Monuments around the world lit up in the colors of the French flag; presidential speeches touted the need to defend β€œshared values;” Facebook offered users a one-click option to overlay their profile pictures with the French tricolor, a service not offered for the Lebanese flag. On Friday the social media giant even activated Safety Check, a feature usually reserved for natural disasters that lets people alert loved ones that they are unhurt; they had not activated it the day before for Beirut.

β€œWhen my people died, no country bothered to light up its landmarks in the colors of their flag,” Elie Fares, a Lebanese doctor, wrote on his blog. β€œWhen my people died, they did not send the world into mourning. Their death was but an irrelevant fleck along the international news cycle, something that happens in THOSE parts of the world.”

The implication, numerous Lebanese commentators complained, was that Arab lives mattered less. Either that, or that their country β€” relatively calm despite the war next door β€” was perceived a place where carnage is the norm, an undifferentiated corner of a basket-case region.

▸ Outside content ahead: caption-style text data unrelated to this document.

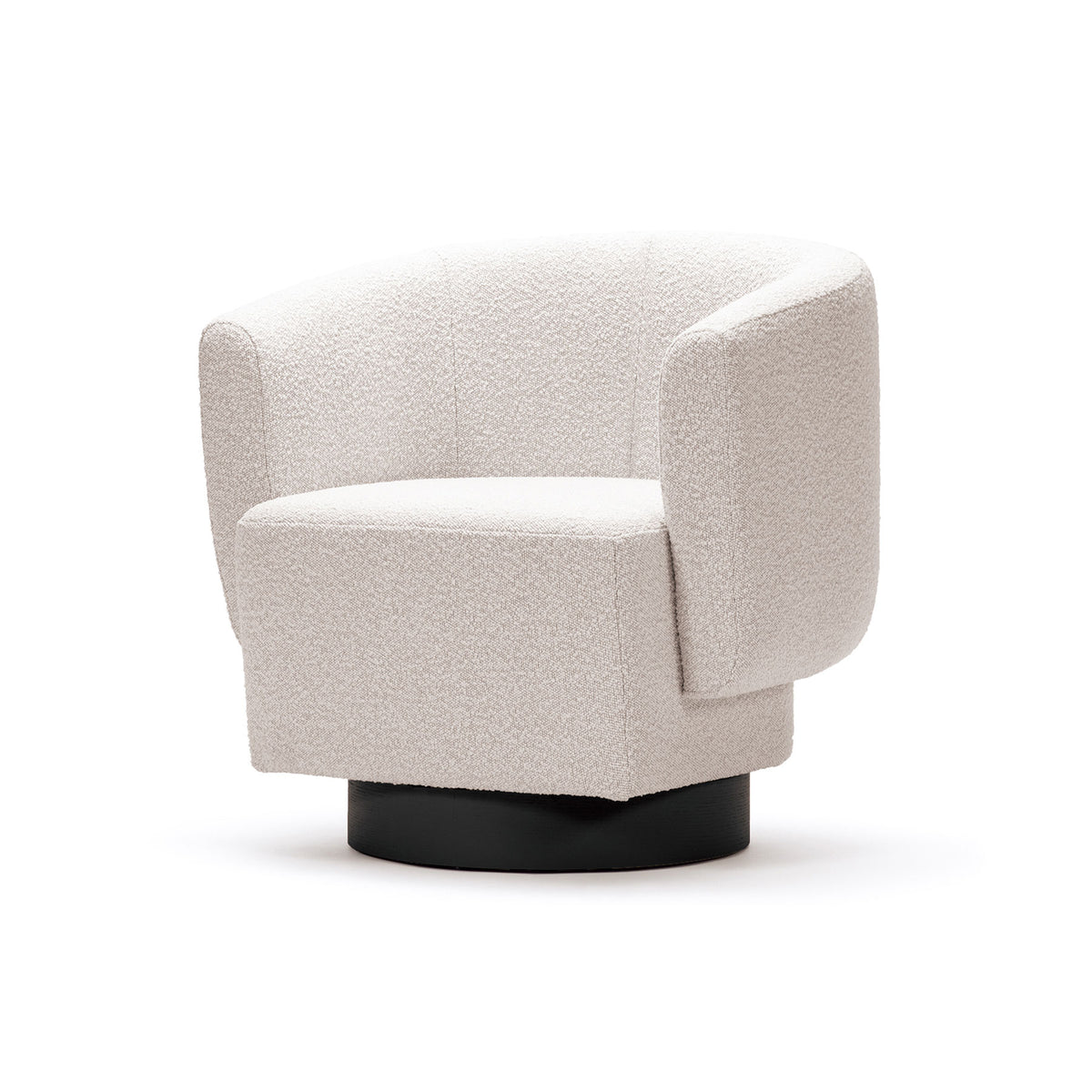 WRAP LOUNGE CHAIR
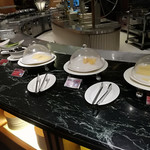 CAFE DECO - 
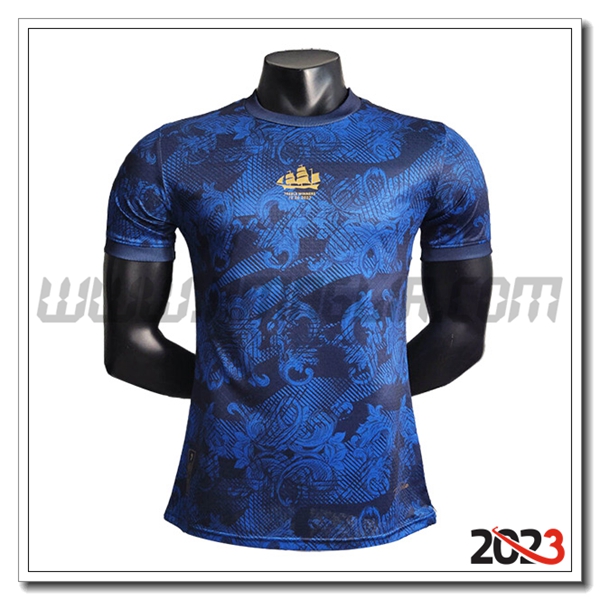 Maglia Calcio Manchester City Edizione speciale 2023 2024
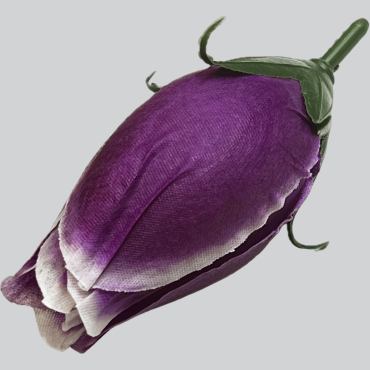 ГК 237 бургунд Тюльпан 8,5 см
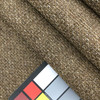 Dark Brown Textured Weave Fabric |  Upholstery | | Heavy Weight | 54" Wide | By the Yard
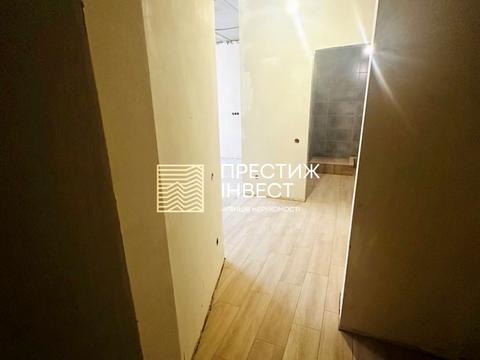 квартира за адресою Бориспіль, Київський Шлях вул., 95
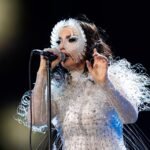 Björk: Ένα rave στην Ισλανδία υπό τη σκιά της έκλειψης ηλίου – Το νέο άλμπουμ έρχεται το 2027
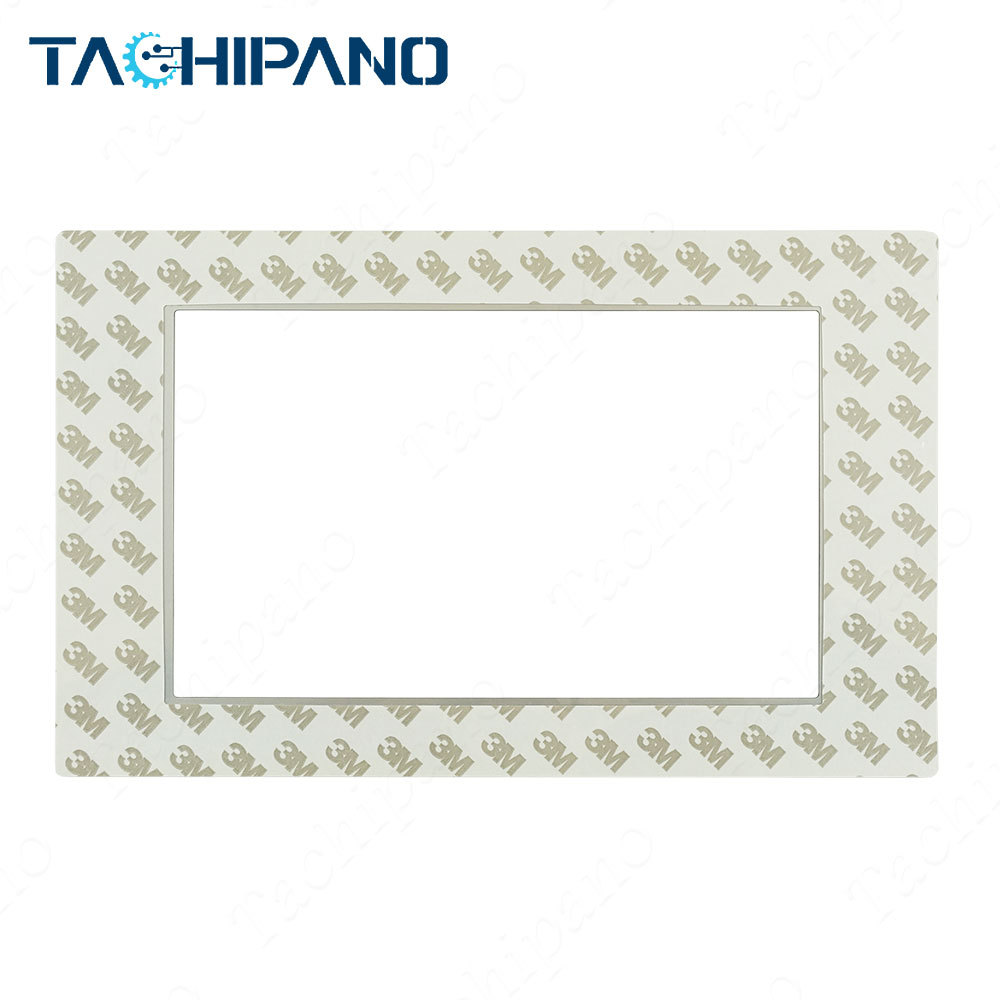 2711P-T9W21D8S Touch Screen, Protective film for PanelView Plus 7 - Standard Terminals 900W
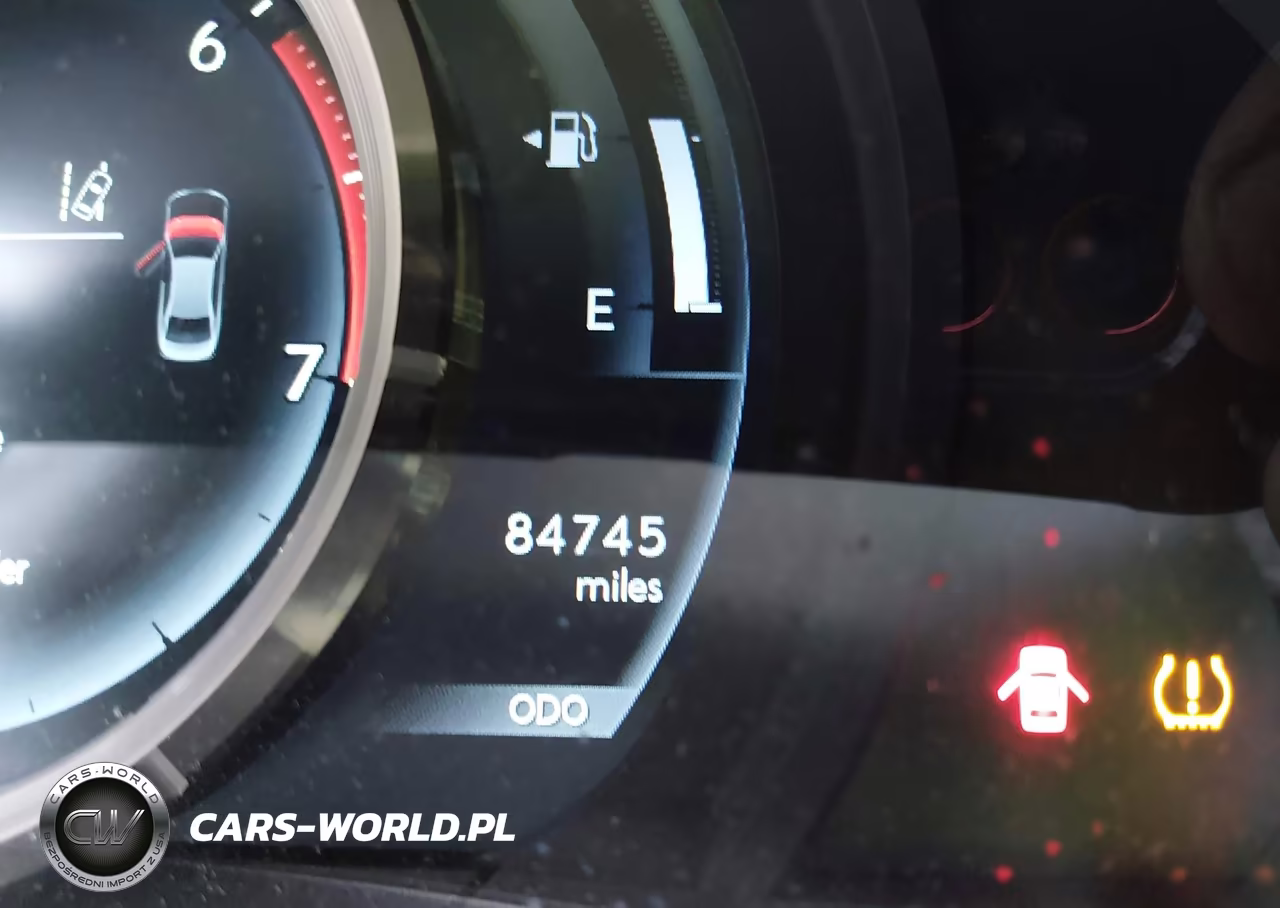 2019 Lexus Is 300 VIN:JTHBA1D29K5084119 - 15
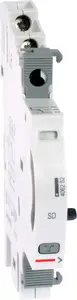 Legrand Auxiliary Contact 1P Side-Mounted for TX3 and DX3 Series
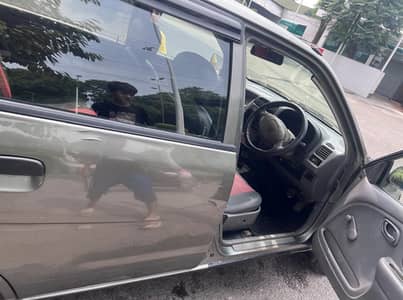 Suzuki Alto 2010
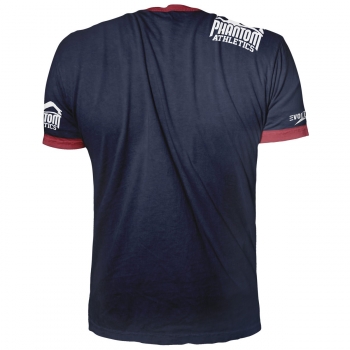 Phantom Athletics Shirt "EVO Patriot Line - Supporter USA"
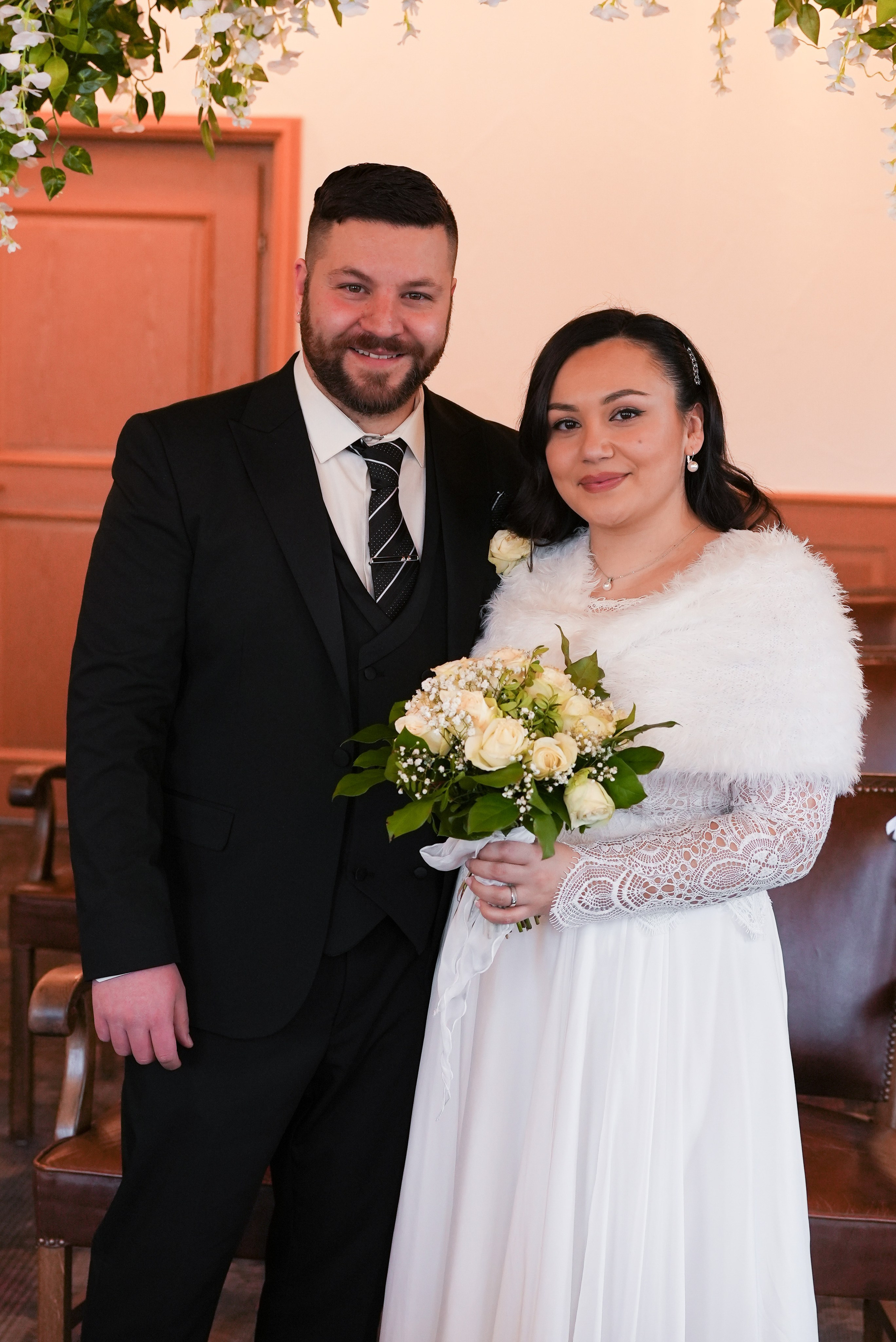 Cristina & Giuseppe. Fotostudio in Metzingen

In fact, while Beirut was once synonymous with violence, when it went through a grinding civil war a generation ago, it has not had a bombing this deadly since that conflict ended in 1990.

(A reminder of the muddled perceptions came last week, when Jeb Bush, the Republican presidential candidate, declared that β€œif you’re a Christian, increasingly in Lebanon, or Iraq or Syria, you’re gonna be beheaded.” That was news to Lebanon’s Christians, who hold significant political power.)

The disparity in reactions highlighted a sense in the region of being left alone to bear the brunt of Syria’s deadly four-year war, which has sent more than four million refugees fleeing, mostly to neighboring countries like Lebanon. For the Lebanese, the government has been little help, plagued as it is with gridlock and corruption that have engendered electricity and water shortages and, most recently, a collapse of garbage collection. Many in the region β€” both supporters and opponents of the Syrian government β€” say they have long warned the international powers that, if left unaddressed, the conflict would eventually spill into the West.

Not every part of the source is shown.